Could you copy every record exactly, leaving the pictures behind?
───── GIVEN ENTRIES ─────
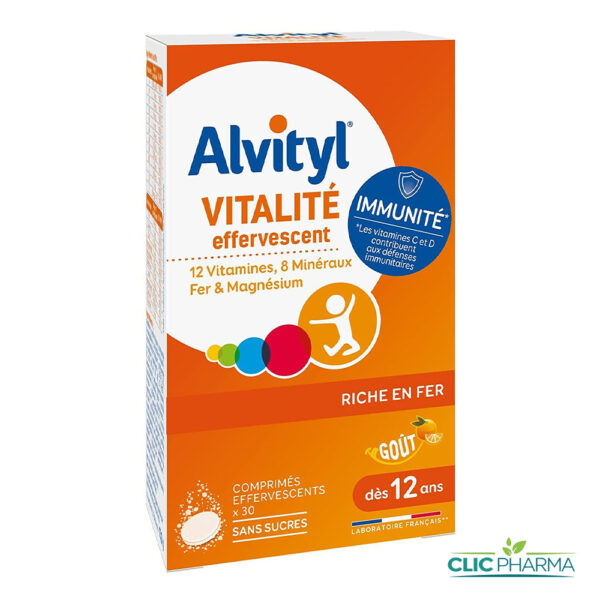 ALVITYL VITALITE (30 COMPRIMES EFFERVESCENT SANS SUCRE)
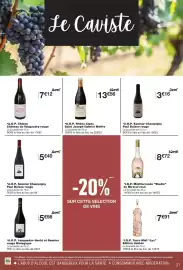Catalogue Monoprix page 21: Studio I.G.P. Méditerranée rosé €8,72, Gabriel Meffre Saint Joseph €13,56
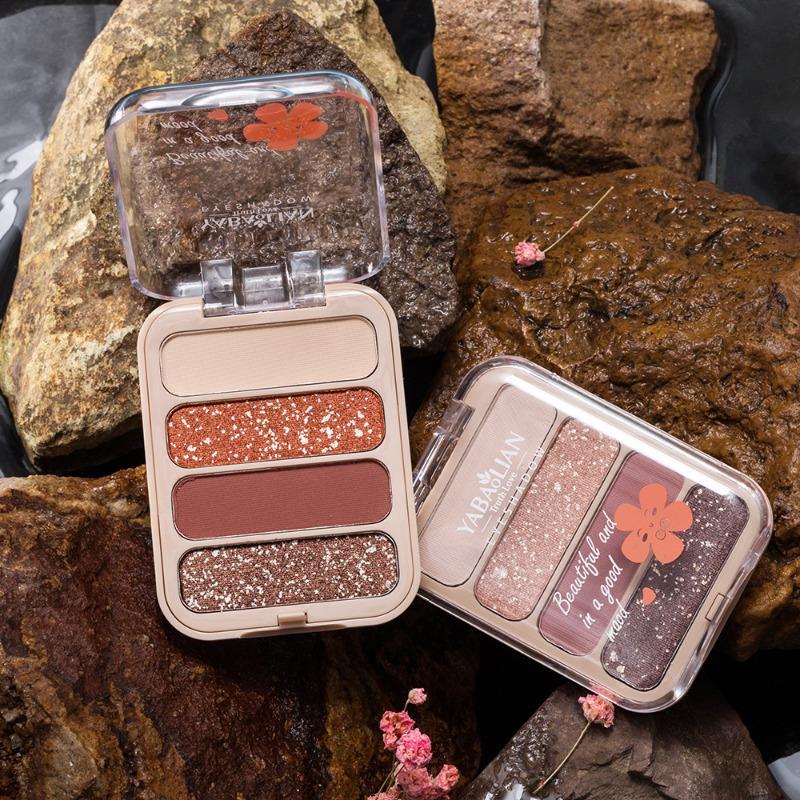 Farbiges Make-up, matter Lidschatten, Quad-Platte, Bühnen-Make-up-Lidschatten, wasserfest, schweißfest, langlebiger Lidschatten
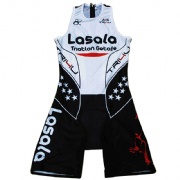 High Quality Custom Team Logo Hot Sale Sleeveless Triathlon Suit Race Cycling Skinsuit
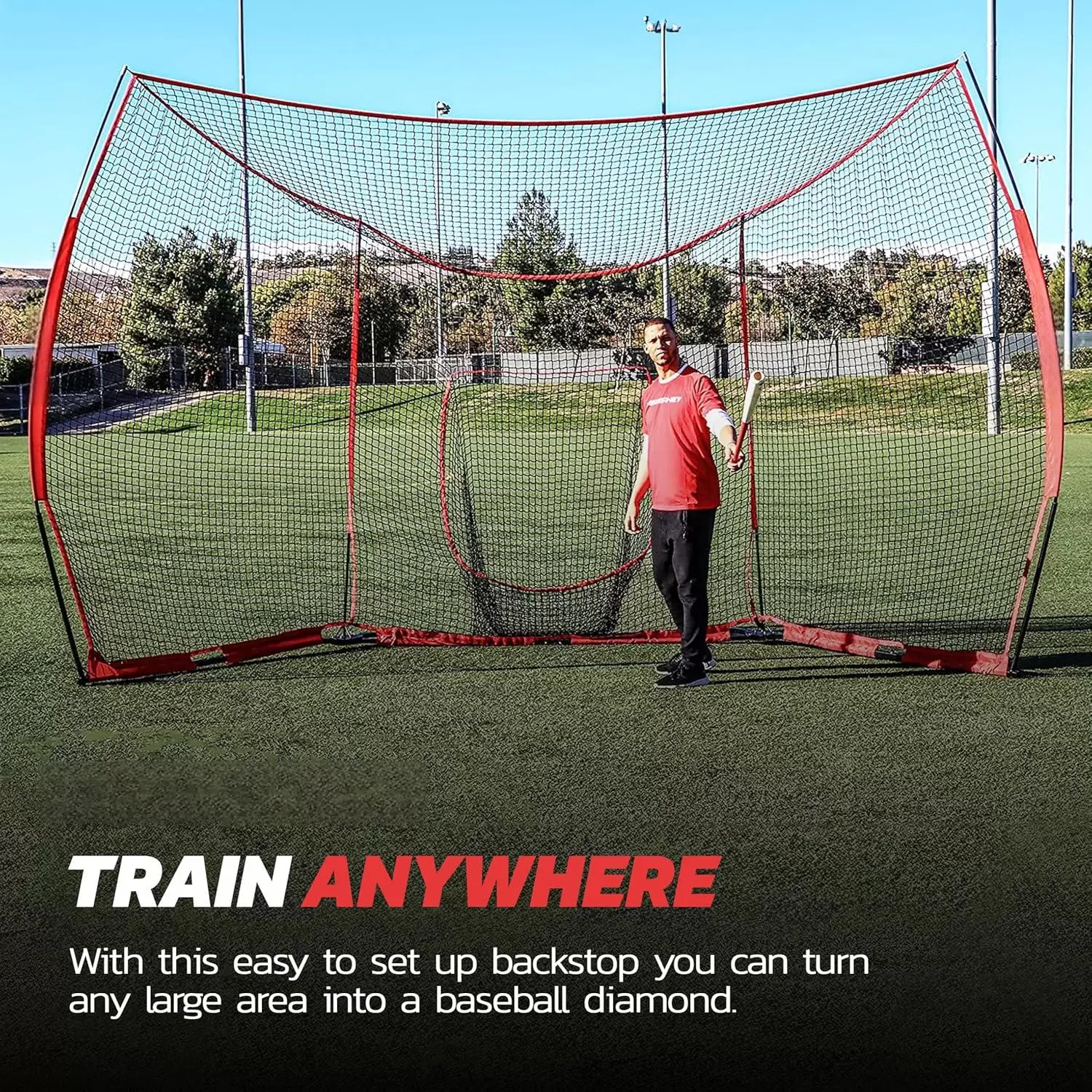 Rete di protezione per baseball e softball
─────
§ **EXPECTED ANSWER**:
 ALVITYL VITALITE (30 COMPRIMES EFFERVESCENT SANS SUCRE)
Catalogue Monoprix page 21: Studio I.G.P. Méditerranée rosé €8,72, Gabriel Meffre Saint Joseph €13,56
 Farbiges Make-up, matter Lidschatten, Quad-Platte, Bühnen-Make-up-Lidschatten, wasserfest, schweißfest, langlebiger Lidschatten
 High Quality Custom Team Logo Hot Sale Sleeveless Triathlon Suit Race Cycling Skinsuit
 Rete di protezione per baseball e softball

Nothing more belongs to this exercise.